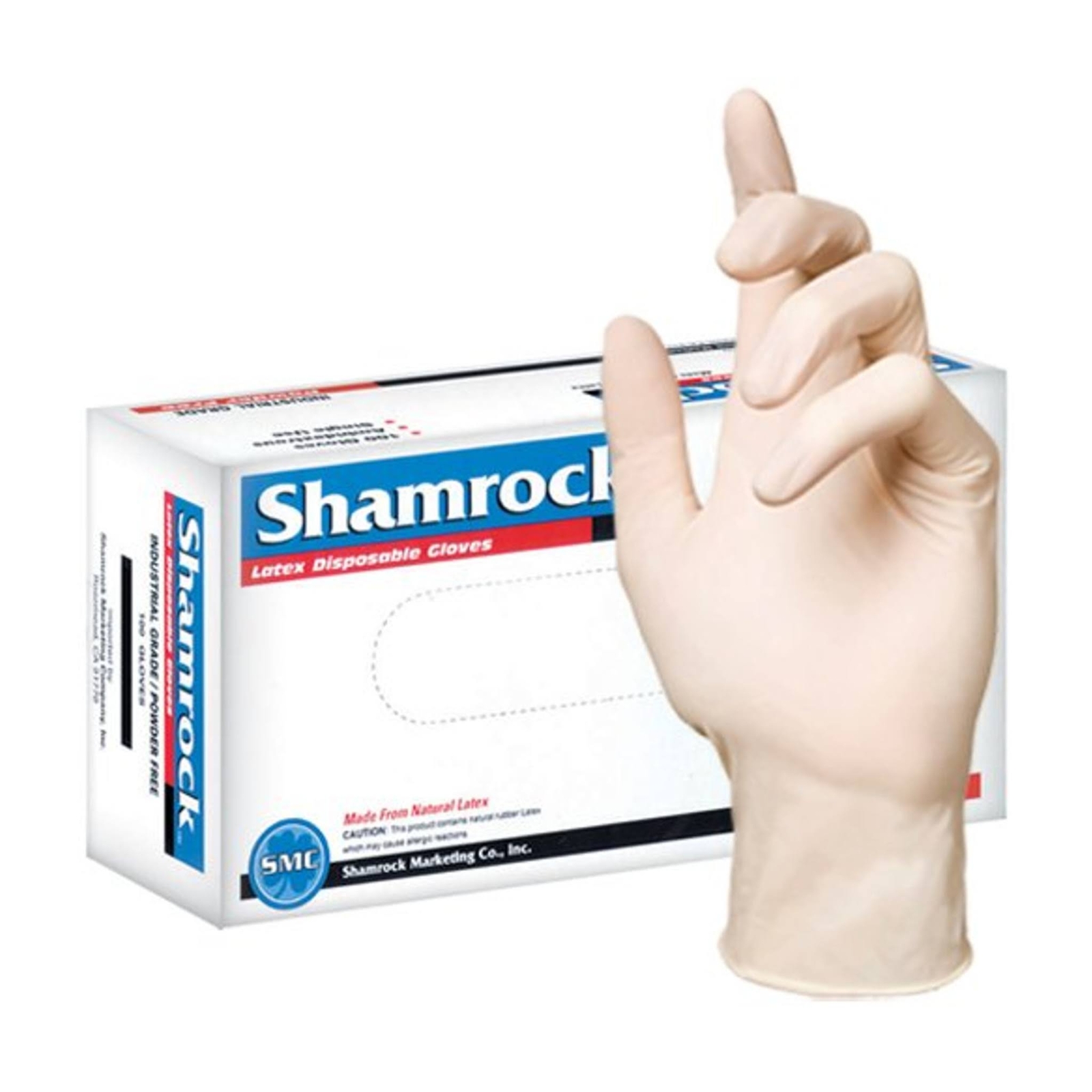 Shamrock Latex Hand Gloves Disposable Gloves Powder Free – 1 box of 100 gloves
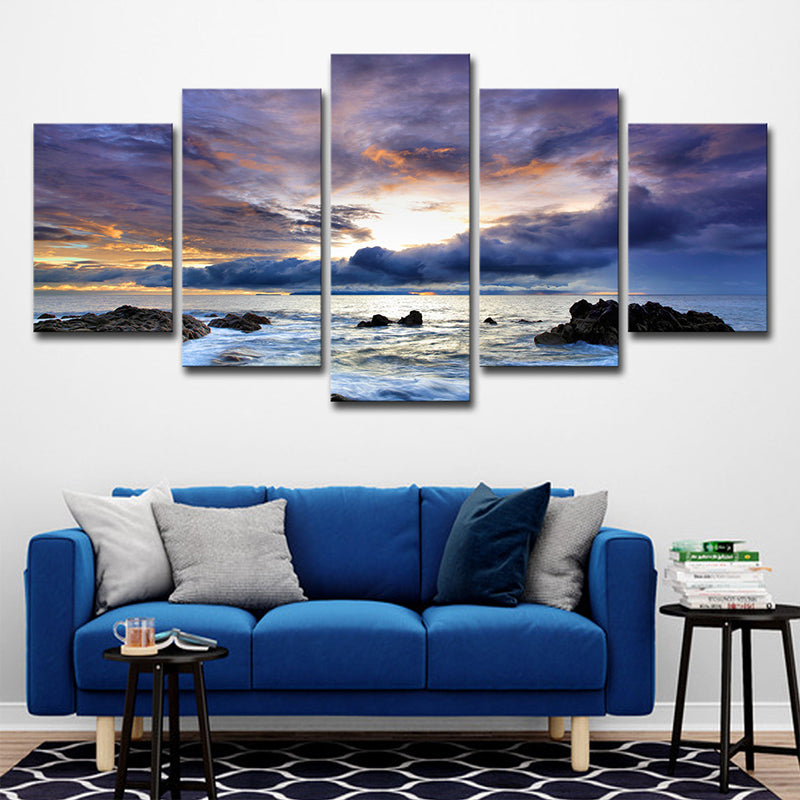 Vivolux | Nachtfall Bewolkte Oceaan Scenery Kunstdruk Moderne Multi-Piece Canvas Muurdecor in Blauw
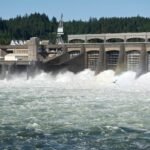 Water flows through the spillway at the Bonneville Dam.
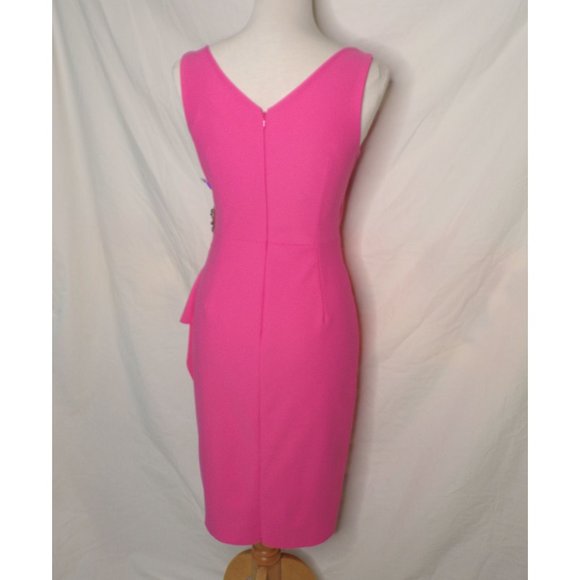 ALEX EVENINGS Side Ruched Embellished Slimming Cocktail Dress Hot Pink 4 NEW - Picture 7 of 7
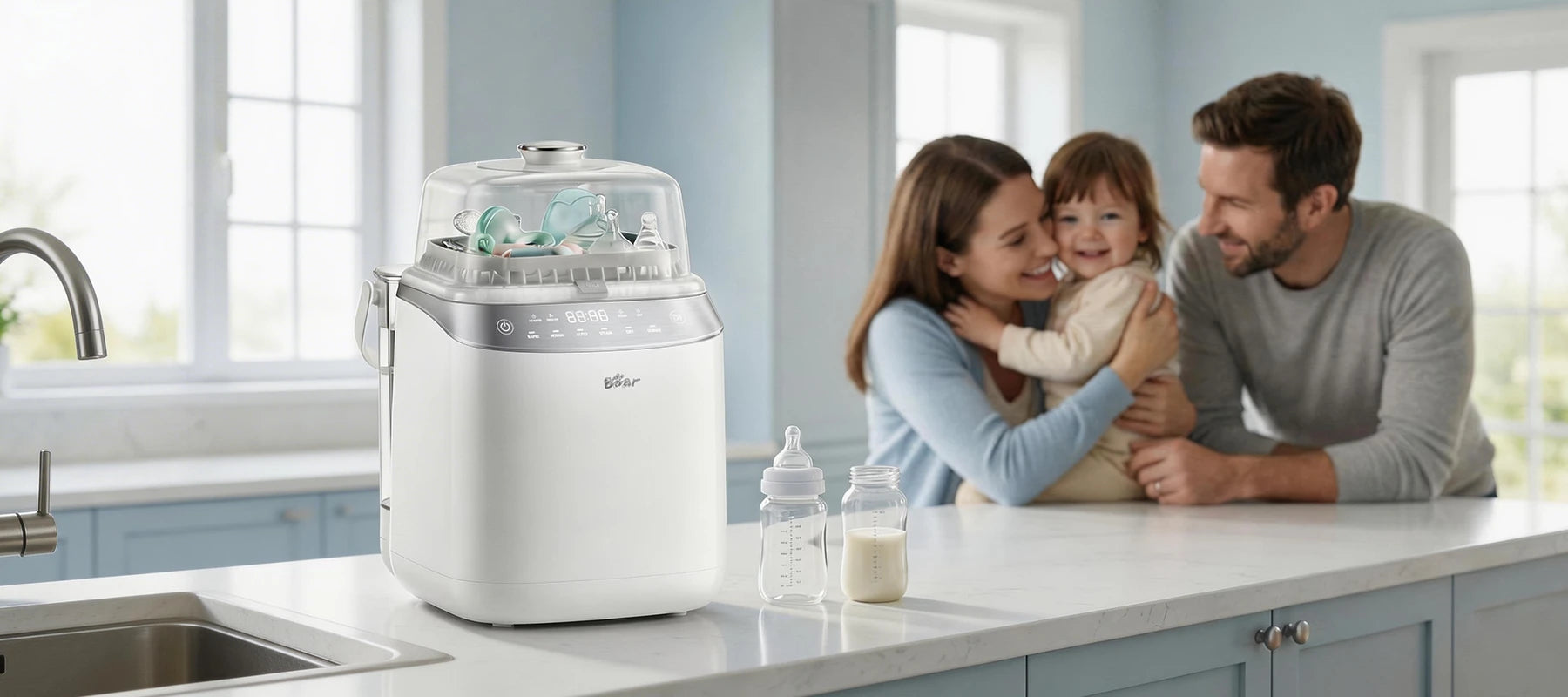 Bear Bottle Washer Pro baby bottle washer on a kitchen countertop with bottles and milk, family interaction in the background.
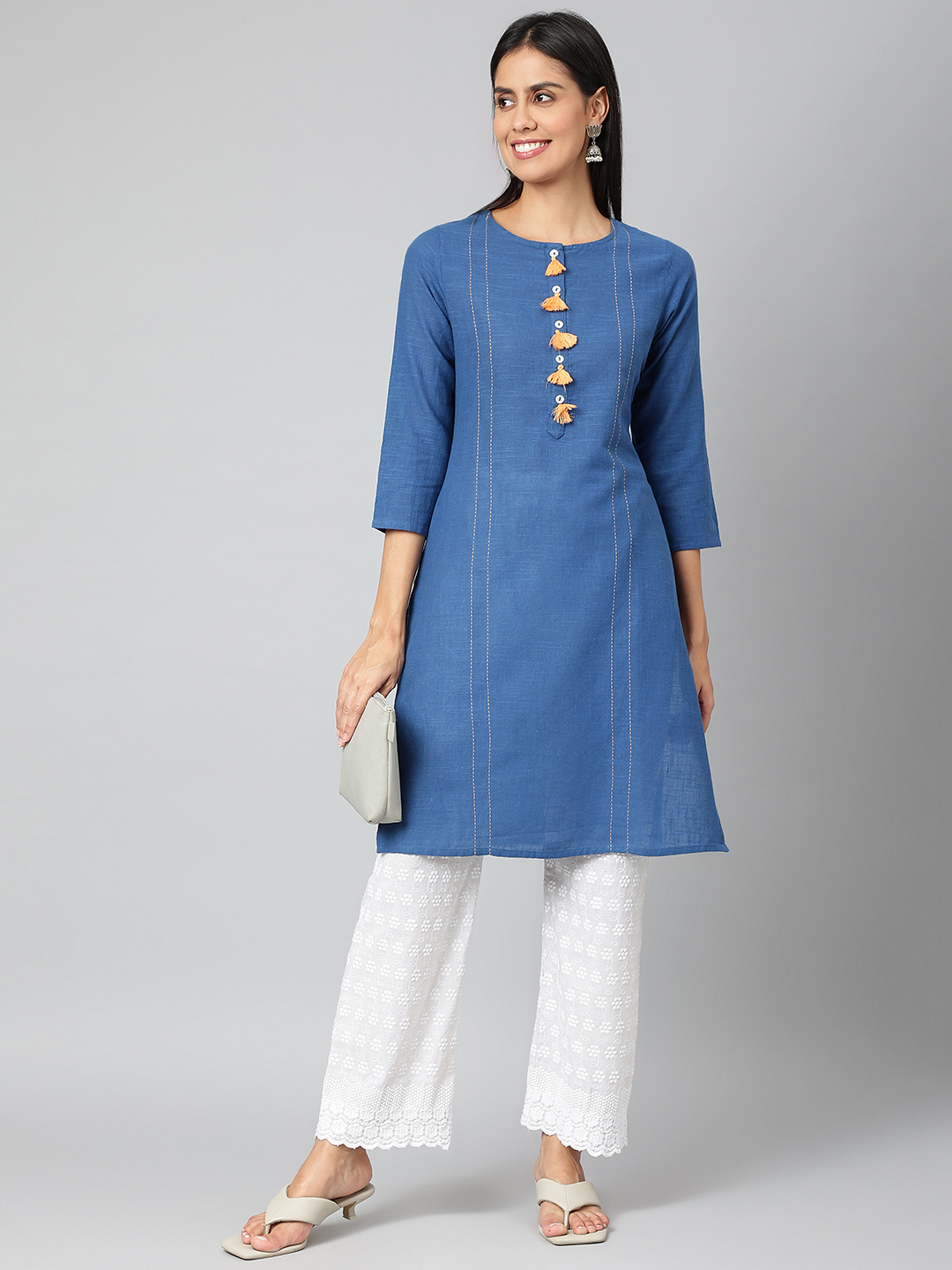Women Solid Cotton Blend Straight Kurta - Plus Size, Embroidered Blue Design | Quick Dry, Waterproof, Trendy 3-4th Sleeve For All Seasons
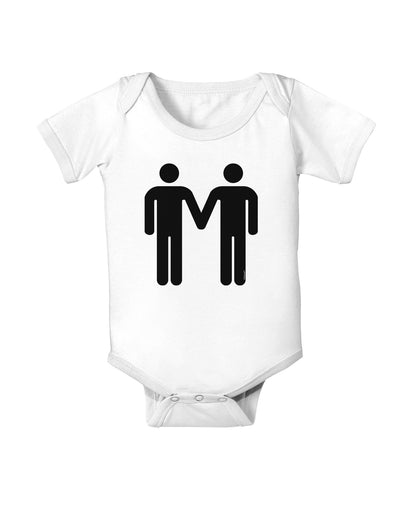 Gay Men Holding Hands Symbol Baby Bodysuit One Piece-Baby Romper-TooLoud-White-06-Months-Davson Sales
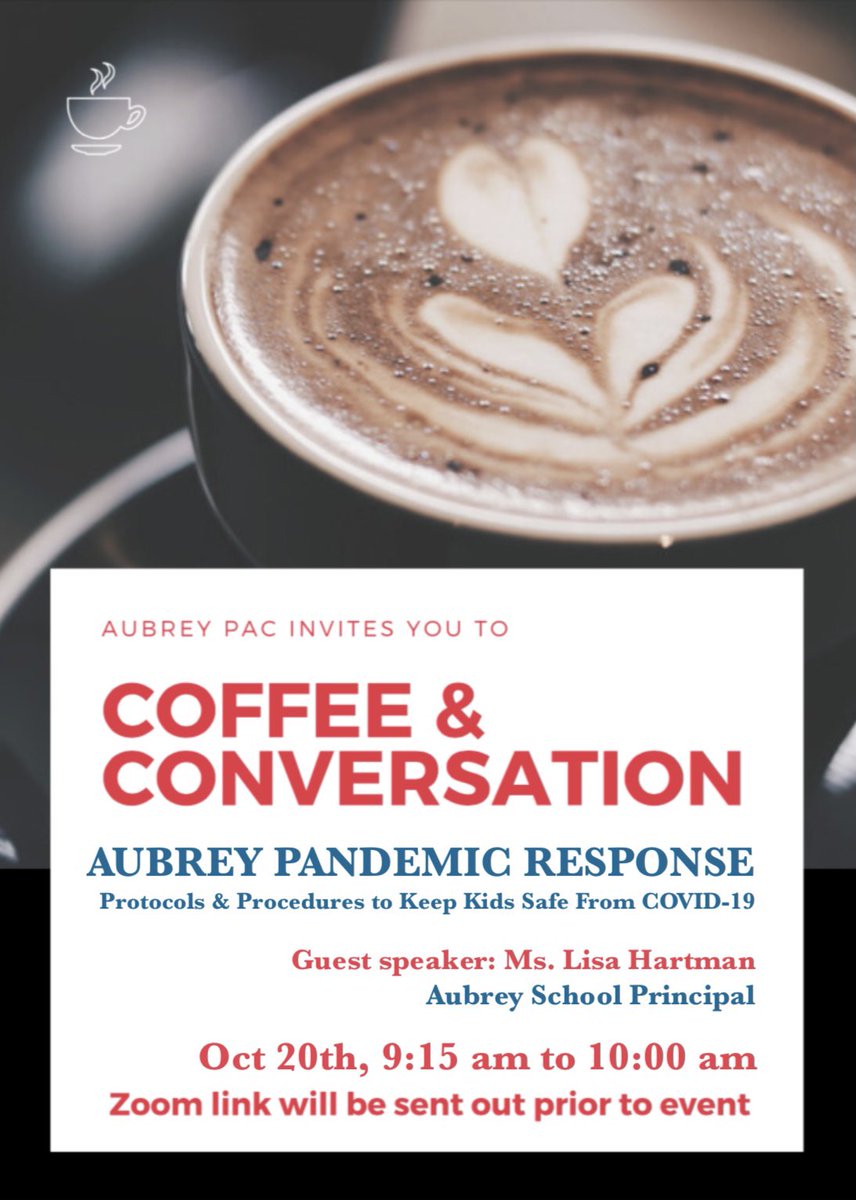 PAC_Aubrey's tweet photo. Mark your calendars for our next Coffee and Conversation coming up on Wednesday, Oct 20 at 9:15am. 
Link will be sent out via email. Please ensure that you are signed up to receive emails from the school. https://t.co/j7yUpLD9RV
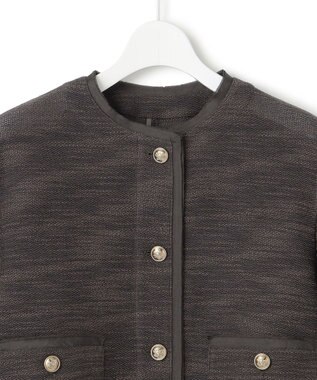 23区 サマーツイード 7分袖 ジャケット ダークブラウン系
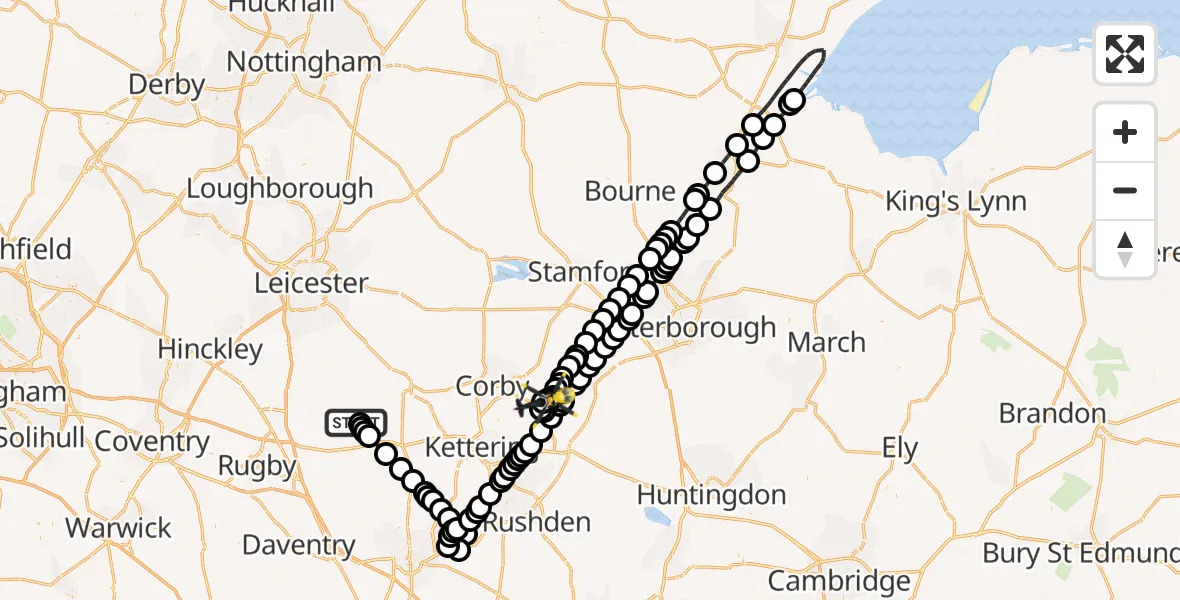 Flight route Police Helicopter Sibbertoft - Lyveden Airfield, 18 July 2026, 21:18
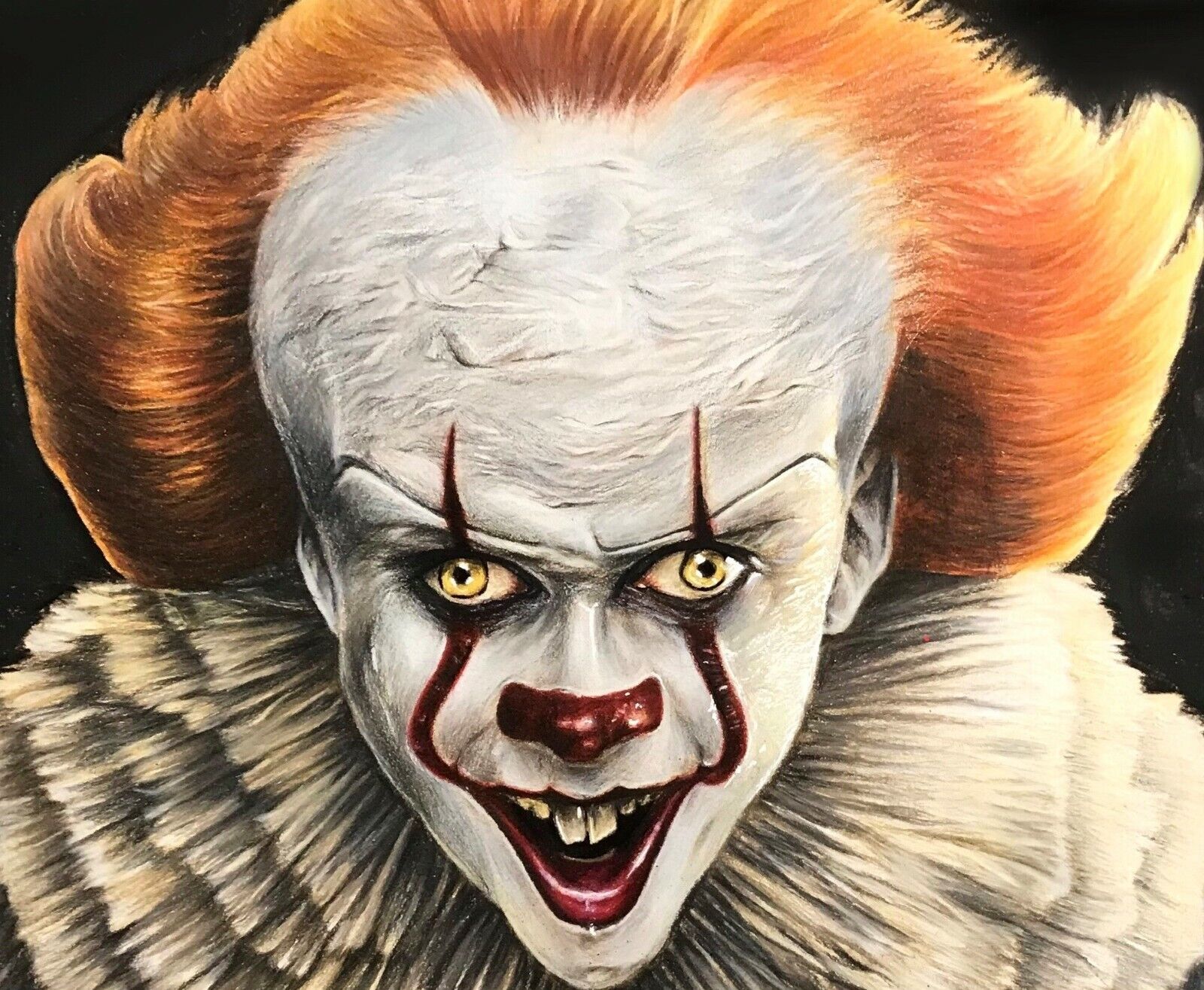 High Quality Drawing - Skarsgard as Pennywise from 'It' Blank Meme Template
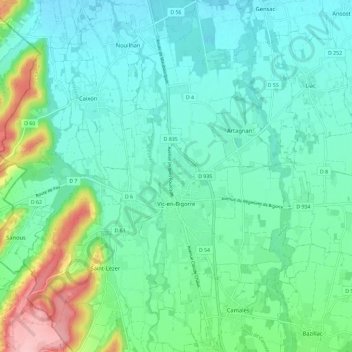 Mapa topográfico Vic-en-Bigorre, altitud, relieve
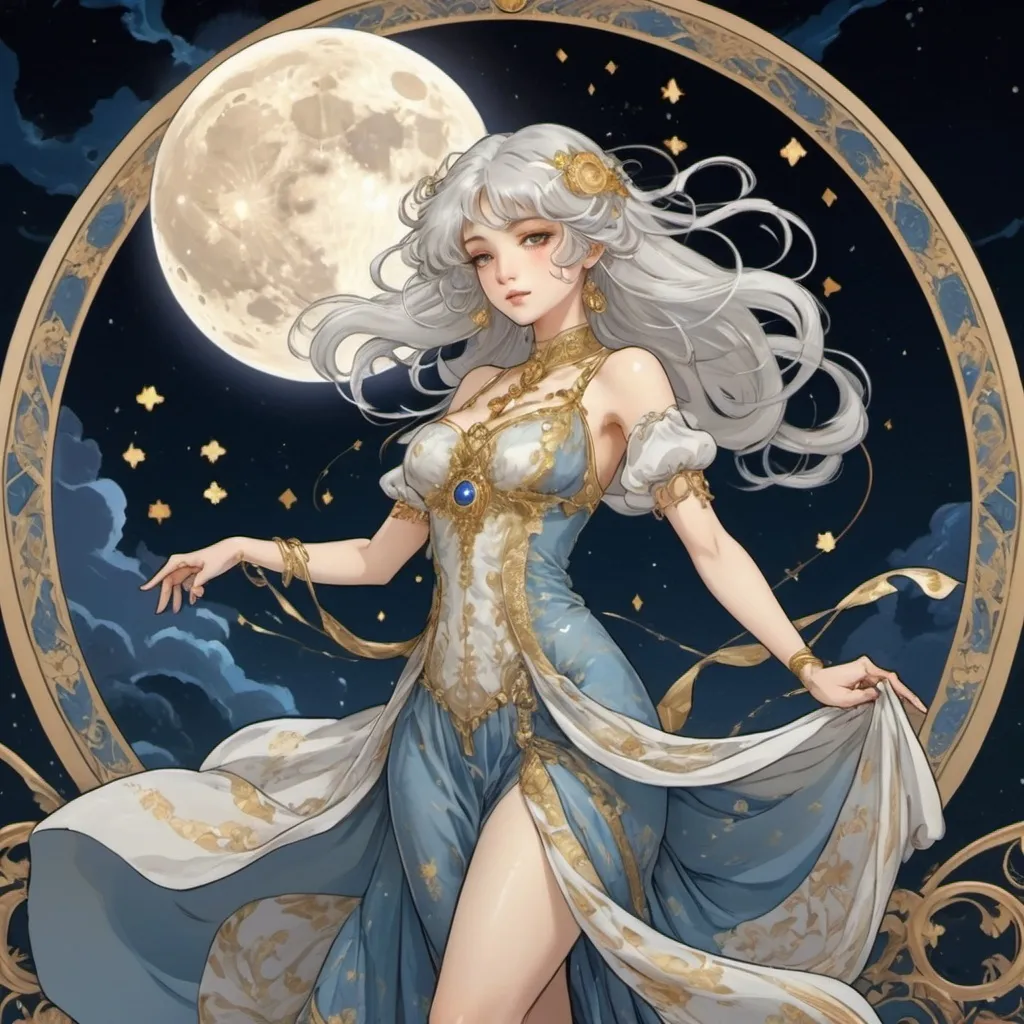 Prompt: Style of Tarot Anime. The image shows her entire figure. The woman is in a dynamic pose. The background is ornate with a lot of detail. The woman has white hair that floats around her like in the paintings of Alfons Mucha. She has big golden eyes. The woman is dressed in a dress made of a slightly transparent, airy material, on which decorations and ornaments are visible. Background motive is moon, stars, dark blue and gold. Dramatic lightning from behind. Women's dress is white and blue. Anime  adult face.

.....

- **Exercise**
The records above are to be reproduced exactly; the pictures are to be left out.

- **Solution for this exercise**
 Shamrock Latex Hand Gloves Disposable Gloves Powder Free – 1 box of 100 gloves
 Vivolux | Nachtfall Bewolkte Oceaan Scenery Kunstdruk Moderne Multi-Piece Canvas Muurdecor in Blauw
 Water flows through the spillway at the Bonneville Dam.
 ALEX EVENINGS Side Ruched Embellished Slimming Cocktail Dress Hot Pink 4 NEW - Picture 7 of 7
 Bear Bottle Washer Pro baby bottle washer on a kitchen countertop with bottles and milk, family interaction in the background.
Women Solid Cotton Blend Straight Kurta - Plus Size, Embroidered Blue Design | Quick Dry, Waterproof, Trendy 3-4th Sleeve For All Seasons
 Gay Men Holding Hands Symbol Baby Bodysuit One Piece-Baby Romper-TooLoud-White-06-Months-Davson Sales
 PAC_Aubrey's tweet photo. Mark your calendars for our next Coffee and Conversation coming up on Wednesday, Oct 20 at 9:15am. 
Link will be sent out via email. Please ensure that you are signed up to receive emails from the school. https://t.co/j7yUpLD9RV
 23区 サマーツイード 7分袖 ジャケット ダークブラウン系
 Flight route Police Helicopter Sibbertoft - Lyveden Airfield, 18 July 2026, 21:18
 High Quality Drawing - Skarsgard as Pennywise from 'It' Blank Meme Template
 Mapa topográfico Vic-en-Bigorre, altitud, relieve
 Prompt: Style of Tarot Anime. The image shows her entire figure. The woman is in a dynamic pose. The background is ornate with a lot of detail. The woman has white hair that floats around her like in the paintings of Alfons Mucha. She has big golden eyes. The woman is dressed in a dress made of a slightly transparent, airy material, on which decorations and ornaments are visible. Background motive is moon, stars, dark blue and gold. Dramatic lightning from behind. Women's dress is white and blue. Anime  adult face.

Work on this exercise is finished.